Батыров дал мне почитать объяснительную. Вроде всё толково описал Димон. Даже ссылки на документы сделал.
Открываю раздел допусков в лётной книжке. Мда… печально всё! Клюковкин допущен летать только днём. И судя по датам, его допустили с огромной натяжкой.
– С чего ты решил, что небольшой? – продолжал меня отвлекать Димон.
– Командир, что мы повредили? Стойки и лопасти? Заменим, отобьём конус, облетаем вертолёт, и всё! Проще простого.
Пока я писал, Димон продолжал строить гипотезы. Что нам грозит. Как нас будут мурыжить на комиссии. Как это скажется на его репутации.
В общем, за меня и Карима он не переживал. Оно и правильно – командиром экипажа ведь был Батыров. С него и весь основной спрос.
Я даже не сомневался в том, что буду прав насчёт повреждений. Через полчаса, когда я собирался идти командиру эскадрильи, пришёл заместитель Енотаева по инженерно-авиационной службе и подтвердил мои слова.
Батыров в очередной раз выдохнул и рванул вперёд меня. Первым он и вышел от комэска с радостным лицом.
– Сказал, что всё будет хорошо. Мой рапорт удовлетворят, – улыбнулся Димон и, чуть не вприпрыжку, побежал по коридору.
Как он стал командиром звена? Надеюсь, есть логичное объяснение.
Захожу в кабинет Енотаева и отдаю рапорт. Комэска остановил меня и начал читать.
– Клюковкин, вот почему у тебя всё через огромную букву «Ж»? Все пишут объяснительную, а ты рапорт! – возмутился Енотаев.
– Виновные пишут объяснительную, а я не виновен. Потому и написал рапорт.
Подполковник вскочил со своего места, задев коленями столешницу. Стакан с пишущими принадлежностями от удара упал. Стекло, накрывавшее важные бумаги и списки, съехало вперёд.
– Ты не там характер проявляешь. Чего ж в полёте вечно трясёшься? – крикнул Енотаев.
– Это в прошлом. Готов хоть сейчас слетать с вами проверку в зону, – ответил я, выпрямляясь в струнку.
– Уверенность почувствовал, значит. Так головой ударился, что мозги на место встали?
– Так точно, Ефим Петрович.
Енотаев поправил стекло и стал собирать разбросанные ручки и карандаши. Я поднял пару принадлежностей с пола и протянул командиру эскадрильи.
– Начальник политотдела Доманин едет. Он будет проводить политзанятие, лекцию и беседовать с каждым, кто поедет в Афганистан. Когда он уедет, больше списки меняться не будут. Не попадёшь в команду – начальник штаба доведёт дело до твоего списания.
– Товарищ подполковник, я готов выполнить полёт и показать…

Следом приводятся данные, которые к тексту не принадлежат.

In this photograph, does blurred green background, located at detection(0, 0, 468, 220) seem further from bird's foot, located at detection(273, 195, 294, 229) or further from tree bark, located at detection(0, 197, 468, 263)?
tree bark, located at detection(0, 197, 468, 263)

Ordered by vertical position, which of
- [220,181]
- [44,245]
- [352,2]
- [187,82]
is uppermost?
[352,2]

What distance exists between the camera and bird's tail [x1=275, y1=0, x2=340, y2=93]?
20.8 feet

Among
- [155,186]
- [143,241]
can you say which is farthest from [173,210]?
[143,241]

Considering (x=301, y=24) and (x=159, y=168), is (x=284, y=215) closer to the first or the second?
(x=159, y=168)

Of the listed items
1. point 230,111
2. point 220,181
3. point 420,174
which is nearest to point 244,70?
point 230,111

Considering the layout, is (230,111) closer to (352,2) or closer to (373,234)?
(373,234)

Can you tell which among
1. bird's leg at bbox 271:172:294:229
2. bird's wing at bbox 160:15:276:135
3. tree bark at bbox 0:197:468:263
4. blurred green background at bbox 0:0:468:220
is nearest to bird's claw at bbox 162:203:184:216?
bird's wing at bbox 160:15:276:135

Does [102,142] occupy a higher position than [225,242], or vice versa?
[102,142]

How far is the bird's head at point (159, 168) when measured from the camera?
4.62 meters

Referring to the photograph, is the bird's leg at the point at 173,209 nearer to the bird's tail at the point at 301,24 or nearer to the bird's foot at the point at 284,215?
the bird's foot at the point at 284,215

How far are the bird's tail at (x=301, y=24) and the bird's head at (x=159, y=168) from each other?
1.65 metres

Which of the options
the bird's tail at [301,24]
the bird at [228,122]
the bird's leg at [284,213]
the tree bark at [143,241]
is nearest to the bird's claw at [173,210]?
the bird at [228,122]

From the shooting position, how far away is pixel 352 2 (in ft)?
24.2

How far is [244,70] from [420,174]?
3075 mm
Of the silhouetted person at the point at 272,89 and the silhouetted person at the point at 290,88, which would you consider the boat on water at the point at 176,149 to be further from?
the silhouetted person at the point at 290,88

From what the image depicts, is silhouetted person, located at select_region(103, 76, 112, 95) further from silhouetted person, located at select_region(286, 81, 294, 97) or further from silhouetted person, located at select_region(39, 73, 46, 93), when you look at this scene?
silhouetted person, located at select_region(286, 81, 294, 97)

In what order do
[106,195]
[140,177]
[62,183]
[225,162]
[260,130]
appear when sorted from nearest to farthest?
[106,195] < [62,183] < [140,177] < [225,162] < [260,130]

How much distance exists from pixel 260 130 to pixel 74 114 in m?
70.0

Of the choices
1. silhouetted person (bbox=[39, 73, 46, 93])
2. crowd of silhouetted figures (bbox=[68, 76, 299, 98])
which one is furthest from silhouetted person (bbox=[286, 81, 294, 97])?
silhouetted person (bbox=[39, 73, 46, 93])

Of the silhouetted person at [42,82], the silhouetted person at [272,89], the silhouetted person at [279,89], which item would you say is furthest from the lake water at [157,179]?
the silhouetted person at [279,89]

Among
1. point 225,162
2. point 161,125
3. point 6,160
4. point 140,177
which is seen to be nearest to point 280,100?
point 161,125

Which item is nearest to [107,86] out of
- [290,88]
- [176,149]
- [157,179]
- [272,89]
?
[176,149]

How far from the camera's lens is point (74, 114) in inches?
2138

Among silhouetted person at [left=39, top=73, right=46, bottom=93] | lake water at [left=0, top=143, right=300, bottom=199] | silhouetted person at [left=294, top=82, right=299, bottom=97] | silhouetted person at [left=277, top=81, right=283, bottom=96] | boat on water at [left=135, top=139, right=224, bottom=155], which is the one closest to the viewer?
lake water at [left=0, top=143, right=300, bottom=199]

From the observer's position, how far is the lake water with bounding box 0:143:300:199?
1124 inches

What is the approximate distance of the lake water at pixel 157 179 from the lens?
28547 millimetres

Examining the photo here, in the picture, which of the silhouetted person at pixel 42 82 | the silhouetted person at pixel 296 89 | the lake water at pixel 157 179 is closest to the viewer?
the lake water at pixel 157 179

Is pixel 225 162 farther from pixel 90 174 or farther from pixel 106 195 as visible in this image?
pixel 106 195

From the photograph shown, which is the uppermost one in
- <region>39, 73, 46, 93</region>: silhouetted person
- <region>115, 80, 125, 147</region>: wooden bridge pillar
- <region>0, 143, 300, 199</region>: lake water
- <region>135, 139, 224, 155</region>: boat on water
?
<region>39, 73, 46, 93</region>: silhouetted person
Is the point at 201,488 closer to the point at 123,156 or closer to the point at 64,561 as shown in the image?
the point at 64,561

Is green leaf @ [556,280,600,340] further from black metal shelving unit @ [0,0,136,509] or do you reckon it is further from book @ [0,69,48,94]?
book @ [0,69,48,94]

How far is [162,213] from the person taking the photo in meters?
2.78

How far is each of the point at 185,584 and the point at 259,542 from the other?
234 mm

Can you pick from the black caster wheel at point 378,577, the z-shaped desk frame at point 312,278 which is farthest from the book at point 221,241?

– Всё, сынок. Сегодня был твой крайний вылет. Естественно, что на тебе вины нет. Батырова, само собой, тоже выведут из-под удара. Ну, а Сагитыч тем более не виноват. Иди домой и отдыхай. Шишку лечи, но без «обезболивающих»! – пригрозил мне Енотаев.
Теперь предстояло найти ещё дом, где я живу.
Память Клюковкина подсказала, что живёт он недалеко от КПП. Ступив за ворота части, я медленно пошёл в сторону домов.
Странное ощущение. В прошлой жизни на месте этого городка одни развалины. Я это помню, поскольку во время учений мы использовали территорию этого аэродрома. Он был заброшен, но ещё сохранил очертания.
Теперь я вижу детские площадки со скрипящими качелями. Даже в такой мороз дети бегают по улице. Они используют огромную лужу рядом с водонапорной башней для катания на салазках.
Добрался до пятиэтажных панельных домов с морозными узорами на окнах. Перед домами гуляют несколько девушек с колясками. Детки укутаны в солдатские одеяла и мирно спят, пригретые ярким солнцем.
Кого-то мамочки тащат на санках, а кого-то и за ухо.
– Я тебе сказала, сразу домой после школы. Весь в снегу. На горке он был! – возмущалась женщина, подгоняя паренька в шубе и валенках.
В руках мальчик тащил кожаный ранец с картинкой олимпийского мишки.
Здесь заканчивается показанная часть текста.